The classic Lasso problem:
- **Smooth part**: f(x) = ½‖Ax - b‖² (least squares)
- **Non-smooth part**: g(x) = λ‖x‖₁ (L1 regularization for sparsity)
- **Proximal operator**: Soft-thresholding

Demonstrates sparse recovery with only 3 non-zero coefficients out of 20 features.

### 2. Non-Negative Least Squares with FISTA
**Problem**: minimize ½‖Ax - b‖² subject to x ≥ 0

Applications:
- Spectral unmixing
- Image processing
- Chemometrics

Uses projection onto non-negative orthant as proximal operator.

### 3. High-Dimensional Lasso with Coordinate Descent
**Problem**: minimize ½‖Ax - b‖² + λ‖x‖₁ (n >> m)

With 100 features and only 30 samples (n >> m), demonstrates:
- Coordinate Descent efficiency in high dimensions
- Closed-form soft-thresholding updates
- Sparse recovery (5 non-zero out of 100)
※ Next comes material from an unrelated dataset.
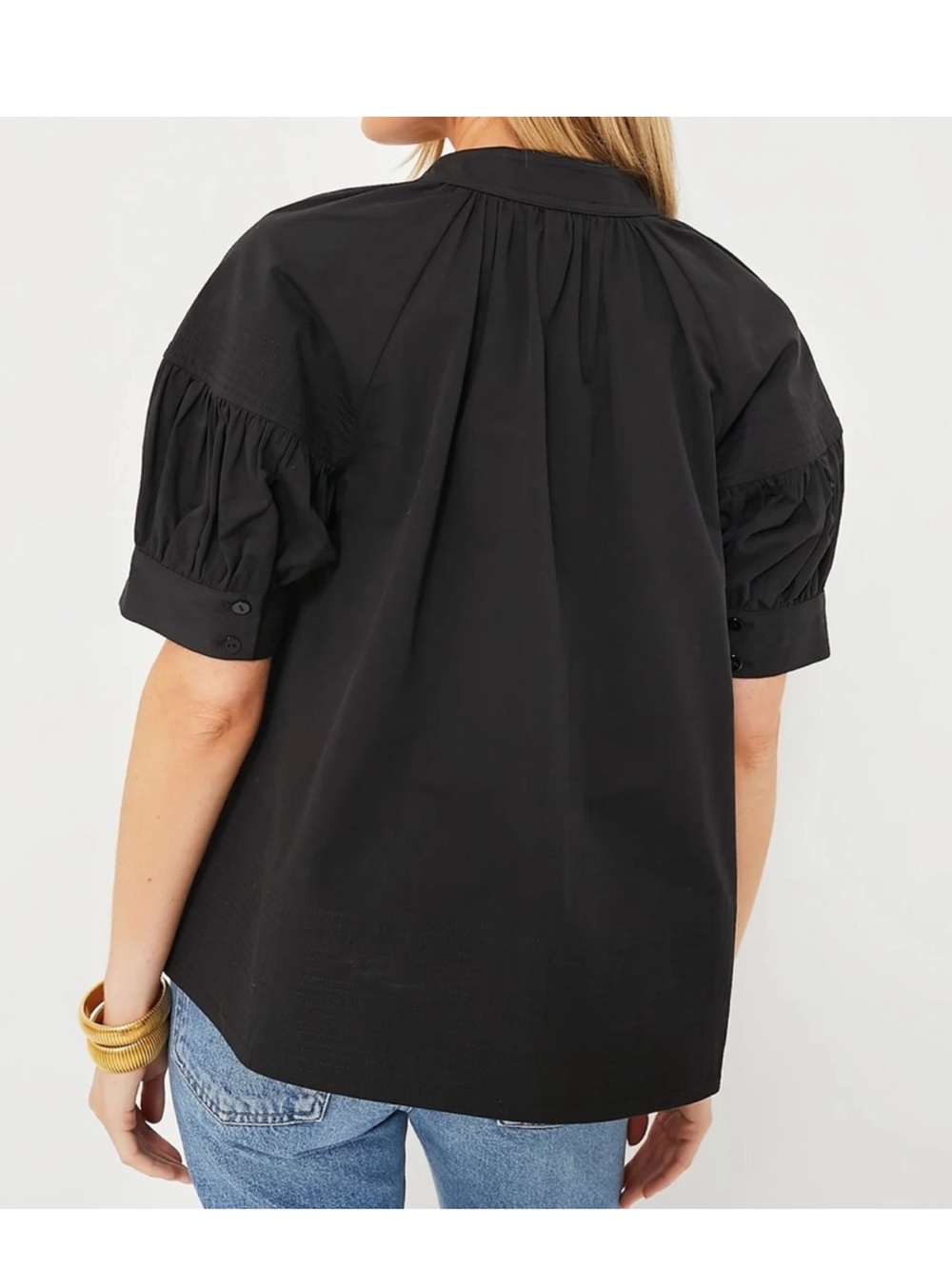 Tuckernuck Black Ruthie Blouse V-Neck Ruched Sleeves Cotton Boxy Top XXL - Picture 3 of 7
### 4. Box-Constrained Quadratic Programming
**Problem**: minimize ½xᵀQx - cᵀx subject to l ≤ x ≤ u

Coordinate Descent with projection:
- Each coordinate update is a simple 1D optimization
- Project onto box constraints [l, u]
- Track active constraints (variables at bounds)

### 5. FISTA vs Coordinate Descent Comparison
Side-by-side comparison on the same Lasso problem:
- Convergence behavior
- Computational cost
- Solution quality

## Proximal Operators

Key proximal operators used in examples:

### Soft-Thresholding (L1 norm)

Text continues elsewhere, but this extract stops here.